Data provided —

________________

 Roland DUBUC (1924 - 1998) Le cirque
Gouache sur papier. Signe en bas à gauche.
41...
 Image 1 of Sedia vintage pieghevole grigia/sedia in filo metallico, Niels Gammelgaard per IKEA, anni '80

________________

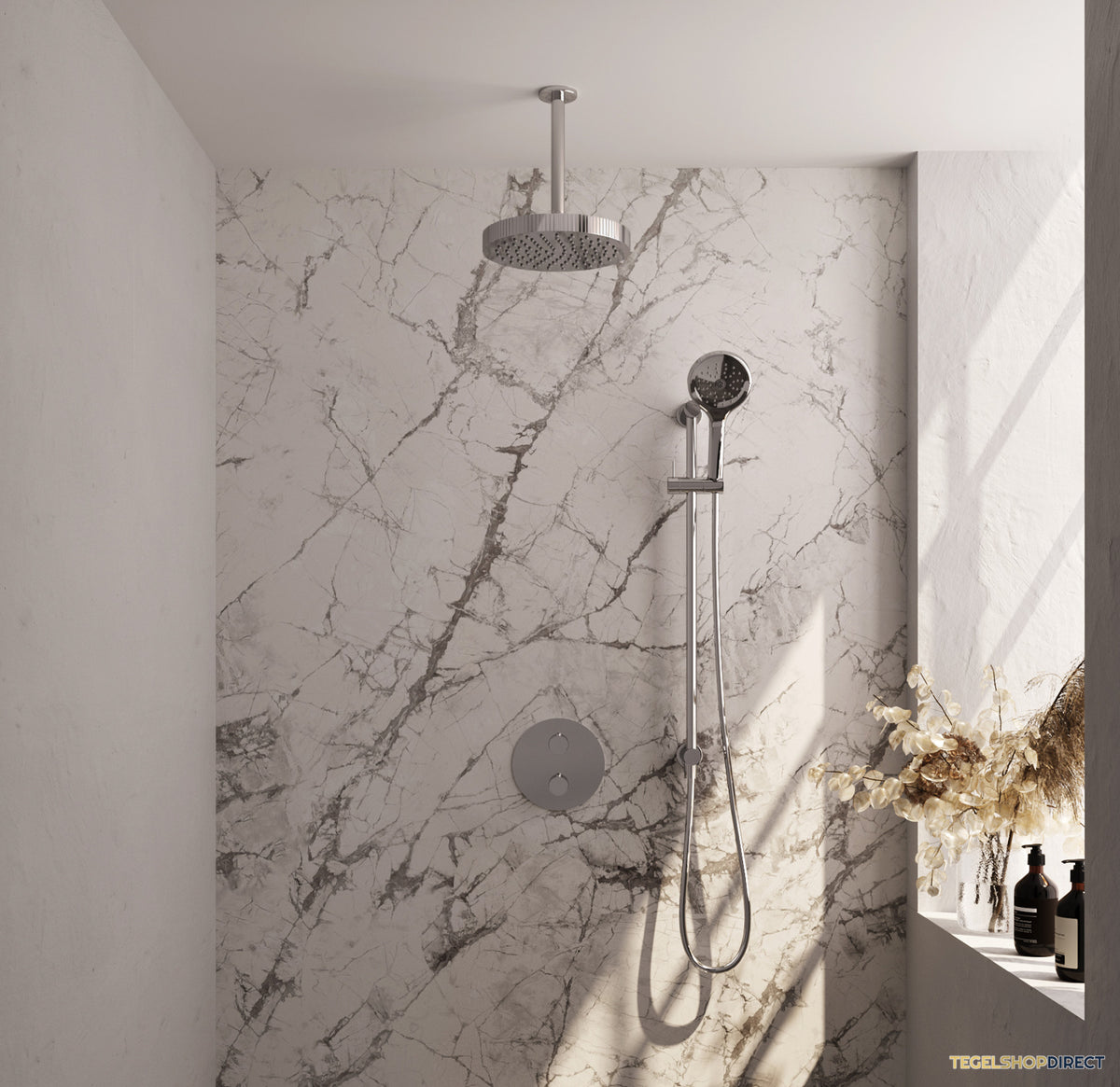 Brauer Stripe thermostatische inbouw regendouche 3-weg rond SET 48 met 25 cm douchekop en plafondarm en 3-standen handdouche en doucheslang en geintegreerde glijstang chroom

________________

What the exercise asks —
When you reach the line holding "Roland DUBUC (1924 - 1998) Le cirque" in the records above, begin reproducing exactly, stop after the line holding "Image 1 of Sedia", and output nothing else.

Response below —
 Roland DUBUC (1924 - 1998) Le cirque
Gouache sur papier. Signe en bas à gauche.
41...
 Image 1 of Sedia vintage pieghevole grigia/sedia in filo metallico, Niels Gammelgaard per IKEA, anni '80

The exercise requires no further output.